Details of the plan include:
1. Sustainably reboot regional economies with a large scale investment in rapid, intercity passenger rail, connecting provincial centres with major cities:
- Auckland to Hamilton, Tauranga, and eventually Whangārei.
- Wellington to Masterton, Palmerston North (via Ōtaki), and eventually Whanganui.
- Christchurch north to Rangiora and south to Ashburton, and eventually Timaru and Dunedin.
- Daily train services to towns and cities like Rotorua, Whangārei, the Bay of Islands, Whakatāne, New Plymouth, Napier, Gisborne, and Picton.
- Built in two stages. Stage 1: improvements to enable more train services running up to 110km/h. Stage 2: major track and train upgrades to enable services up to 160km/h.

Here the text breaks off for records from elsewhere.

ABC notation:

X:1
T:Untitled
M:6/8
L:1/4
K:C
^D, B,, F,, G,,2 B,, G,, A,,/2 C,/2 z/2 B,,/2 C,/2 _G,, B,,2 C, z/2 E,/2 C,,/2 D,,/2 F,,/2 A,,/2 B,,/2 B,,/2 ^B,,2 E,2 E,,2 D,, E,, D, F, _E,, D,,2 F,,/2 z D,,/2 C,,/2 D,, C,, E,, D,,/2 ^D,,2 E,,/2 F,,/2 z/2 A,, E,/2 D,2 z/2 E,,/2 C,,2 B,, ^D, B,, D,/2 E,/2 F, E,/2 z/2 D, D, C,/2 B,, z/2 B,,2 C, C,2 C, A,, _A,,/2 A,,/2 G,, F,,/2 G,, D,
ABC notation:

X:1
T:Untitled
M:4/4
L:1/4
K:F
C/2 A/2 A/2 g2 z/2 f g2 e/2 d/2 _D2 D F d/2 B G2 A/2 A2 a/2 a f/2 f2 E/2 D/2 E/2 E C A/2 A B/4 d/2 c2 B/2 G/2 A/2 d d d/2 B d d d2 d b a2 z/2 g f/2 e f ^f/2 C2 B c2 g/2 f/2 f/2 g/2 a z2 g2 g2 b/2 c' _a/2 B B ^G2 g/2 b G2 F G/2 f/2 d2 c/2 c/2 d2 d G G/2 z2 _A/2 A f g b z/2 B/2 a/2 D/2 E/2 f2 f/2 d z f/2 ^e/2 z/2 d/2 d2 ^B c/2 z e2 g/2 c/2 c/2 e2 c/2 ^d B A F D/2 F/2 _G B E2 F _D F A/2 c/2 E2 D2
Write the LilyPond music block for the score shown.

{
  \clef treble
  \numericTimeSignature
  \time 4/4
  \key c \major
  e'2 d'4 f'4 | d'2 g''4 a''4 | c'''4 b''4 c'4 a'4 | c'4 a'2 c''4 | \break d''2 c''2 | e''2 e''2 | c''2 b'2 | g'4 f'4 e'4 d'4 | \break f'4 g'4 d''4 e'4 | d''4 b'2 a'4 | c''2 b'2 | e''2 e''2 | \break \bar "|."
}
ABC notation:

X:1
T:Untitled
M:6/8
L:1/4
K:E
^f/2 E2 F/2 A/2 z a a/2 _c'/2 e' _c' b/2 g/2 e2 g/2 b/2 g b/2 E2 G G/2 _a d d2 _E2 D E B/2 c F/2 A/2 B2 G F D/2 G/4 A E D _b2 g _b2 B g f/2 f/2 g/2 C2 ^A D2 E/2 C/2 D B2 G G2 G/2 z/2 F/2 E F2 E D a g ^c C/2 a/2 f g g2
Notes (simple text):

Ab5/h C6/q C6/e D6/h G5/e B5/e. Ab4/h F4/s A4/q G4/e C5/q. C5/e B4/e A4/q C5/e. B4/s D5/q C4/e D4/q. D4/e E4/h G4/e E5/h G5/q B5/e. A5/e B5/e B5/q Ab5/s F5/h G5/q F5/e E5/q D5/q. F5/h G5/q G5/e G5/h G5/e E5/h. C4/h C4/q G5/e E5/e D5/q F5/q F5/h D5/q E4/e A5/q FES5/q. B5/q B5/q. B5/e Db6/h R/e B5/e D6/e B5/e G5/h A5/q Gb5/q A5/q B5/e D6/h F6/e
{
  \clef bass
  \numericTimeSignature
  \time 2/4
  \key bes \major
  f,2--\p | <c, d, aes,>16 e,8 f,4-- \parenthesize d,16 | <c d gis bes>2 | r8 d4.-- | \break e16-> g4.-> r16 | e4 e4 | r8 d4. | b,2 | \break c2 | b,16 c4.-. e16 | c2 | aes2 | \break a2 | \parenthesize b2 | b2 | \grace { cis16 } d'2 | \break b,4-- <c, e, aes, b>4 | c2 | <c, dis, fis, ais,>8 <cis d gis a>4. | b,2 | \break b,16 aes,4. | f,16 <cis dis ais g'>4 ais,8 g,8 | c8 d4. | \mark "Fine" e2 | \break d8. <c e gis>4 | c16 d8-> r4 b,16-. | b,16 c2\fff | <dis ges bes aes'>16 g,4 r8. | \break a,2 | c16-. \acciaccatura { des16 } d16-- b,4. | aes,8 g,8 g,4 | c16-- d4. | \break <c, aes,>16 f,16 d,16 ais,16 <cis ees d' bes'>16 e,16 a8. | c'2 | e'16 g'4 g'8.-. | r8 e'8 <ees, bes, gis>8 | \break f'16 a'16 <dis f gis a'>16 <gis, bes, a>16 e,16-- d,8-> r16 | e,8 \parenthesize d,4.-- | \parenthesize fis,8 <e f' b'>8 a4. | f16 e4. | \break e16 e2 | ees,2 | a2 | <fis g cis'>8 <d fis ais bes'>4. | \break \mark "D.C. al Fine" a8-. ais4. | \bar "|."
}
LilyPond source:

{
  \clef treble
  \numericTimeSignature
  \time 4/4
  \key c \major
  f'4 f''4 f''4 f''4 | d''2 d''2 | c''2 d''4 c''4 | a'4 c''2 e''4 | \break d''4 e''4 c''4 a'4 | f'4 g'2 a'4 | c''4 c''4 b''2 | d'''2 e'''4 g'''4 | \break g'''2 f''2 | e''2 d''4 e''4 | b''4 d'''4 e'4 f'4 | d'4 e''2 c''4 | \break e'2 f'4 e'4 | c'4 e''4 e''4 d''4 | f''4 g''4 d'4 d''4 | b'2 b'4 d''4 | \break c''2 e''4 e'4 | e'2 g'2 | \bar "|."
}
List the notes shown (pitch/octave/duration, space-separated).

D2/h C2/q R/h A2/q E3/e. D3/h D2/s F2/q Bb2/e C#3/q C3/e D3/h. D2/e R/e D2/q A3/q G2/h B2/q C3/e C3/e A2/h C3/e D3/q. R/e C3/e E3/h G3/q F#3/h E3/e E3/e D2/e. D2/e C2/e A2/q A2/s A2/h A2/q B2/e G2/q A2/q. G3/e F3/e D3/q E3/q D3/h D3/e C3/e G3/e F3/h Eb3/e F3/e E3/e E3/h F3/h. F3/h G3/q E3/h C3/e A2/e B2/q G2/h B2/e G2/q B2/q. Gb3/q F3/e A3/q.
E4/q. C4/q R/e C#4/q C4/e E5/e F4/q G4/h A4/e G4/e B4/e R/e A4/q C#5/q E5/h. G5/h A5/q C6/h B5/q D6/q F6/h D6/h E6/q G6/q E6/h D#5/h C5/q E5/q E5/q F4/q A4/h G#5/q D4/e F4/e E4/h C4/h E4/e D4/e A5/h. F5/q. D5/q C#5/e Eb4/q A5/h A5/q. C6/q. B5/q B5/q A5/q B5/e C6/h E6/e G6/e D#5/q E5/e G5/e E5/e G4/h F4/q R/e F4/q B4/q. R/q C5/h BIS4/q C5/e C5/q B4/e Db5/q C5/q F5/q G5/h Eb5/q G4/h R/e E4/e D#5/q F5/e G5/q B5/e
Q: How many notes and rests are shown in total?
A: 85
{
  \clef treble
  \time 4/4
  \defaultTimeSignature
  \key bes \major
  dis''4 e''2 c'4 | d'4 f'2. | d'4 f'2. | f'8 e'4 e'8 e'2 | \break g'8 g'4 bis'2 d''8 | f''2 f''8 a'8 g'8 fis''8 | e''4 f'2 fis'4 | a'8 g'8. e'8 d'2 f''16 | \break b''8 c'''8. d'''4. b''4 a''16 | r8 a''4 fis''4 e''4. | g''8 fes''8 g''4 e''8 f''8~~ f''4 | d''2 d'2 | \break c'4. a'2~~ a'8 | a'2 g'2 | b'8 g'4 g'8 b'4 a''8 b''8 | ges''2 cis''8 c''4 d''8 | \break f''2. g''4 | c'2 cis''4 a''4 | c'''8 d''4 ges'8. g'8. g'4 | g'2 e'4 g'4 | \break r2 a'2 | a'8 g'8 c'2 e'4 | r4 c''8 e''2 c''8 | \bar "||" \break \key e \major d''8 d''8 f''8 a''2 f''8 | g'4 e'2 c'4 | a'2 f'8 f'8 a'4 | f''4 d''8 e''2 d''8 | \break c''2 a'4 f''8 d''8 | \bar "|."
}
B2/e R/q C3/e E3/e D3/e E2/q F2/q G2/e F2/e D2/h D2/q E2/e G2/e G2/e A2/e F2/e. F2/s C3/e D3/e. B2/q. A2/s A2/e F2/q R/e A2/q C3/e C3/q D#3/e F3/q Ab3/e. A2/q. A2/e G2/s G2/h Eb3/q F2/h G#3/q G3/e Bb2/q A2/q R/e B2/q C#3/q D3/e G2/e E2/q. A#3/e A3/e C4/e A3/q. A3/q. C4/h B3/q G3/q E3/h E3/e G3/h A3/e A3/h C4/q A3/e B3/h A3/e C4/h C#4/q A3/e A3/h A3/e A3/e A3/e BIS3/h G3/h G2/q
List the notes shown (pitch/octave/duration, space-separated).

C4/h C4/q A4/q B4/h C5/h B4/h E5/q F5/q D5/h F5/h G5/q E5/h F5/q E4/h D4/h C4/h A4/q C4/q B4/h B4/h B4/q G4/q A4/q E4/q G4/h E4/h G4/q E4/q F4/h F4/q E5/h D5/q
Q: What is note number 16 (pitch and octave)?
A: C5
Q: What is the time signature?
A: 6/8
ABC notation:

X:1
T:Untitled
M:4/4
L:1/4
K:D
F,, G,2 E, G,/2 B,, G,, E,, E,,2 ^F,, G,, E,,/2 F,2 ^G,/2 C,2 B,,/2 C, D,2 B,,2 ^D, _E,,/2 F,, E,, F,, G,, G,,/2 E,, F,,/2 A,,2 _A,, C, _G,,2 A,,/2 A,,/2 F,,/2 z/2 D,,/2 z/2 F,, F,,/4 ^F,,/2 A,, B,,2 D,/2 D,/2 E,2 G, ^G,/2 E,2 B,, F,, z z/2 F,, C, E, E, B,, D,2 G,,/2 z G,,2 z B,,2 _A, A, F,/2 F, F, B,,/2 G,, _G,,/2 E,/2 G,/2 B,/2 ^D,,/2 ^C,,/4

2. Invest in urban development by accelerating transformational rapid transit networks in our major cities, including busways, light rail, and rail.
- Stage 1: package of seven major rapid bus improvements across the city.
- Stage 2: light rail from the CBD to Māngere and from the CBD to Westgate.
- Train/light rail tunnel to the North Shore.
- Light rail from the railway station to Newtown (first), then through the hill by the Zoo, to Kilbirnie, and out to the airport.
- Bus priority routes across the region.
- A new walking and cycling tunnel through Mt Victoria.
- Bus rapid transit: Airport to CBD.
- Passenger rail: Rangiora to CBD.
- Passenger rail: Ashburton, Rolleston, Hornby to CBD.